The number of announced Chinese-backed acquisitions of US companies is down by 28 per cent year on year as of November 5, according to Refinitiv.
But despite the decline in Chinese-backed deals, CFIUS reviewed about 250 transactions in 2017, an increase of almost 40 per cent from the year before, according to law firm Wilson Sonsini Goodrich & Rosati.
Freshfields’ Cooley said CFIUS was on pace to exceed this amount in 2018.
CFIUS was established by US president Gerald Ford in 1975 amid increasing concerns about investment by Opec members and whether they were driven by politics.
The committee is made up of representatives from 16 agencies, including the Department of Defence, the Justice Department and the Department of Homeland Security. US Treasury Secretary Steven Mnuchin is its chairman.
CFIUS often conducts its work in secret, so it can be difficult for companies to ascertain why a deal was rejected. The new process may not make that any more clear, according to legal experts.
Under the pilot programme, CFIUS will require companies involved in deals that cover so-called critical technologies to file for a mandatory review of these transactions if they fall within a list of two dozen industries where “certain strategically motivated foreign investment could pose a threat to US technological superiority and national security”.
The broader scope of Firmma “will make some smaller deals more difficult to do, but I have a hard time concluding that it will have a chilling effect in the long run. Even in the medium term,” said Scott Flicker, a partner with law firm Paul Hastings and chairman of its Washington office.
“The reason I say that is these investment decisions continue to be driven by fundamentals. I think the CFIUS process will come to be seen as one more thing, like Chinese government approval, that will have to be dealt with, but I don’t think it will ultimately drive most decision-making,” he said.
The expanded review goes as far as minority investors who have access to material non-public technical information, as well as investment that involves a board seat or observer rights.
In the past, CFIUS filing has been voluntary by companies that fell within certain areas designated as important to national security, such as defence applications.
Christine Laciak, an antitrust lawyer at Freshfields in Washington, said CFIUS could find itself “overwhelmed” by the new notifications it receives as a result of the change.
“We have to go back over deals that have been pending over the past four to six months because anything that has not closed by the effective date could fall under this mandatory requirement,” said Laciak.

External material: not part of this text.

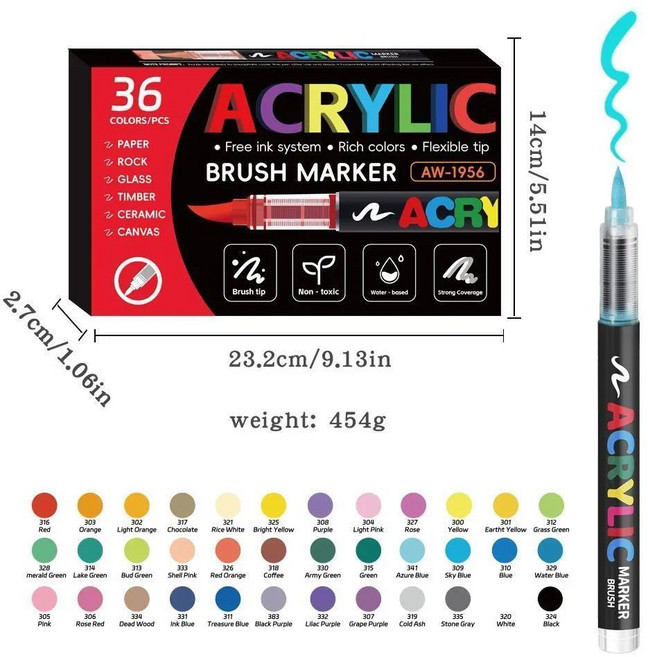 ACRYLIC 丙烯毛筆馬克筆 學生美術專用 無毒水洗, 1個, 【升級品質】36色套裝/精準控墨/免按壓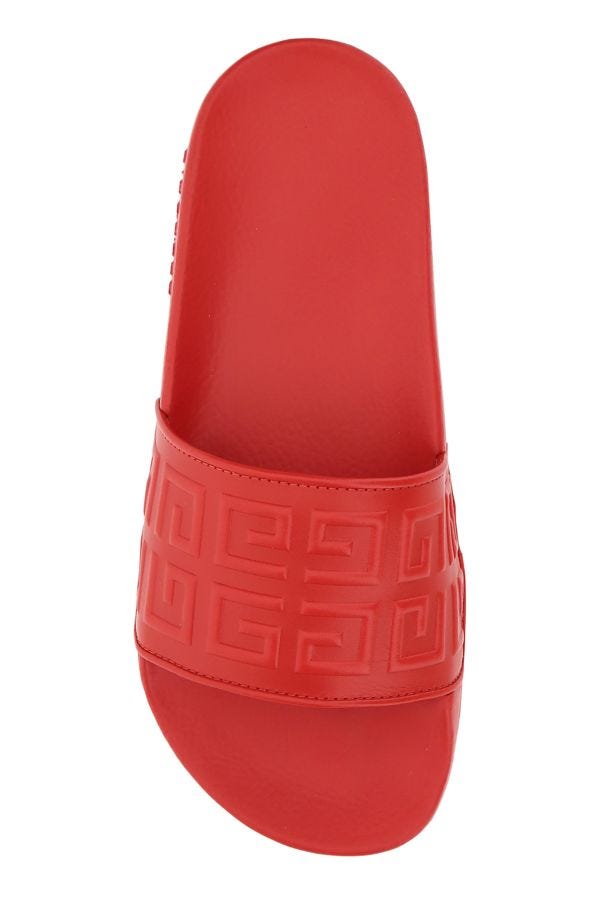 GIVENCHY | Red leather 4G slippers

“Some of them we had pre-cleared already because under the voluntary regime nobody would need to file. Now we have to reconsider that view and see if they would be swept up into the mandatory system,” she said. “We’ve already seen examples of companies that we never would have filed under the voluntary regime, but they’ll now be swept up under the mandatory regime.”
The mandatory filing period could potentially extend the review of more complex deals, by adding an additional two months or more to the review process, according to legal experts. Deals are supposed to be reviewed within a 90-day window, but this has been extended by as long as a year in some complicated transactions.
However, the updated process could ultimately benefit some companies if CFIUS reviews and approves deals in a more timely manner.
“Getting certainty around processes will only help advisers do their job,” said Matt Herman, co-head of global M&A at Freshfields in New York. “It’s easy to sit there, to say we have a US business. This is a Chinese buyer. Trump equals ‘no’. That’s hardly a nuanced approach to a complicated body of law and regulation.
“The ability to add some clarifying factors to it and effectively force more nuanced examination [ahead of deal signing] is helpful for buyers and sellers of assets,” he said. “It’s helpful for lending sources. It’s helpful for advisers. It’s a good thing.”